• **Required action**: Write out the entries below exactly, but only from the line containing "By Anthropologie Edisto" through the line containing "VENINI 1951 By", and without the pictures.

• **Provided records**:

▼

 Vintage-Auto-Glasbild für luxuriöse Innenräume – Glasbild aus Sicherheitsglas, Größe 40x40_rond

▲
▼

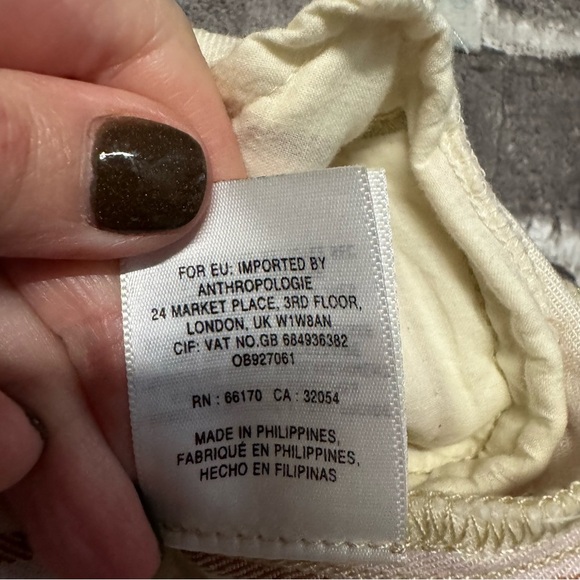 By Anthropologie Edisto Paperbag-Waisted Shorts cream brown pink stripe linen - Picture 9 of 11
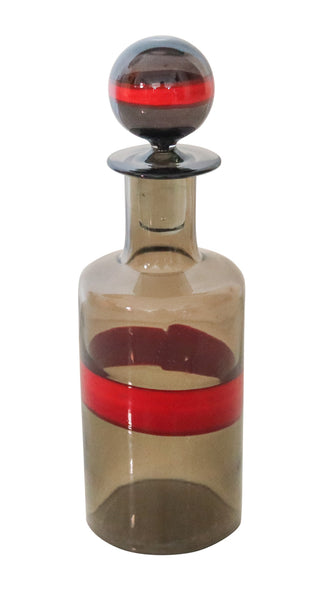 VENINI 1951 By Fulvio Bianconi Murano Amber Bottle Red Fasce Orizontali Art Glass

▲

• **Answer to this problem**:
 By Anthropologie Edisto Paperbag-Waisted Shorts cream brown pink stripe linen - Picture 9 of 11
 VENINI 1951 By Fulvio Bianconi Murano Amber Bottle Red Fasce Orizontali Art Glass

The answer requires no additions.